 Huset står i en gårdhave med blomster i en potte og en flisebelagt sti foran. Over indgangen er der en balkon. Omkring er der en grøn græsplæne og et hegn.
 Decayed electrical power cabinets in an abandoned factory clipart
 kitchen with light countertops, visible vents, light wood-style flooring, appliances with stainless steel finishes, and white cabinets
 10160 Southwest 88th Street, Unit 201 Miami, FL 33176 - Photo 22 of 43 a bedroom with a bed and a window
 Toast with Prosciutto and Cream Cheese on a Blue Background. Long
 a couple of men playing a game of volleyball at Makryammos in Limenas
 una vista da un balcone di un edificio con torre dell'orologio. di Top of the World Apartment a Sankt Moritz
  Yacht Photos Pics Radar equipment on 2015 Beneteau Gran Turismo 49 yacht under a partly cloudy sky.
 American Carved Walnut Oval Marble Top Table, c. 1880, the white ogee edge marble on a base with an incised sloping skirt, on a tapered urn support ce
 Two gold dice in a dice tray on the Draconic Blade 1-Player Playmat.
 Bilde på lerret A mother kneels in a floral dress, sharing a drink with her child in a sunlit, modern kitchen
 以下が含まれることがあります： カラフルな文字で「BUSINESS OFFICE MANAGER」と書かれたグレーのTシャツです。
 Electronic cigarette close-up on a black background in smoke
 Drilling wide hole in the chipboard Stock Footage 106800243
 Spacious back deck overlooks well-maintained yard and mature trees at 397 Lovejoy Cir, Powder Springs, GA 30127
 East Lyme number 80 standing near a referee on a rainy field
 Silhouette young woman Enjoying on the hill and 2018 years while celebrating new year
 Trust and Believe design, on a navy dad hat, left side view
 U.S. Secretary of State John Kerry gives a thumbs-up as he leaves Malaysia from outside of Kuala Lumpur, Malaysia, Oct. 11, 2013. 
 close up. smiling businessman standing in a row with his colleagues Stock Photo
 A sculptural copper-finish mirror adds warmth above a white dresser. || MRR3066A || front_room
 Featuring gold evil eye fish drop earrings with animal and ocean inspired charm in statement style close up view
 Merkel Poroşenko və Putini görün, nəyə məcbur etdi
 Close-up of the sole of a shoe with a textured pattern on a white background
_ _ _ _ _
**YOUR INSTRUCTIONS**
All of the entries should be transcribed exactly as they appear.

**RESULT OF THIS EXERCISE**
 Huset står i en gårdhave med blomster i en potte og en flisebelagt sti foran. Over indgangen er der en balkon. Omkring er der en grøn græsplæne og et hegn.
 Decayed electrical power cabinets in an abandoned factory clipart
 kitchen with light countertops, visible vents, light wood-style flooring, appliances with stainless steel finishes, and white cabinets
 10160 Southwest 88th Street, Unit 201 Miami, FL 33176 - Photo 22 of 43 a bedroom with a bed and a window
 Toast with Prosciutto and Cream Cheese on a Blue Background. Long
 a couple of men playing a game of volleyball at Makryammos in Limenas
 una vista da un balcone di un edificio con torre dell'orologio. di Top of the World Apartment a Sankt Moritz
  Yacht Photos Pics Radar equipment on 2015 Beneteau Gran Turismo 49 yacht under a partly cloudy sky.
 American Carved Walnut Oval Marble Top Table, c. 1880, the white ogee edge marble on a base with an incised sloping skirt, on a tapered urn support ce
 Two gold dice in a dice tray on the Draconic Blade 1-Player Playmat.
 Bilde på lerret A mother kneels in a floral dress, sharing a drink with her child in a sunlit, modern kitchen
 以下が含まれることがあります： カラフルな文字で「BUSINESS OFFICE MANAGER」と書かれたグレーのTシャツです。
 Electronic cigarette close-up on a black background in smoke
 Drilling wide hole in the chipboard Stock Footage 106800243
 Spacious back deck overlooks well-maintained yard and mature trees at 397 Lovejoy Cir, Powder Springs, GA 30127
 East Lyme number 80 standing near a referee on a rainy field
 Silhouette young woman Enjoying on the hill and 2018 years while celebrating new year
 Trust and Believe design, on a navy dad hat, left side view
 U.S. Secretary of State John Kerry gives a thumbs-up as he leaves Malaysia from outside of Kuala Lumpur, Malaysia, Oct. 11, 2013. 
 close up. smiling businessman standing in a row with his colleagues Stock Photo
 A sculptural copper-finish mirror adds warmth above a white dresser. || MRR3066A || front_room
 Featuring gold evil eye fish drop earrings with animal and ocean inspired charm in statement style close up view
 Merkel Poroşenko və Putini görün, nəyə məcbur etdi
 Close-up of the sole of a shoe with a textured pattern on a white background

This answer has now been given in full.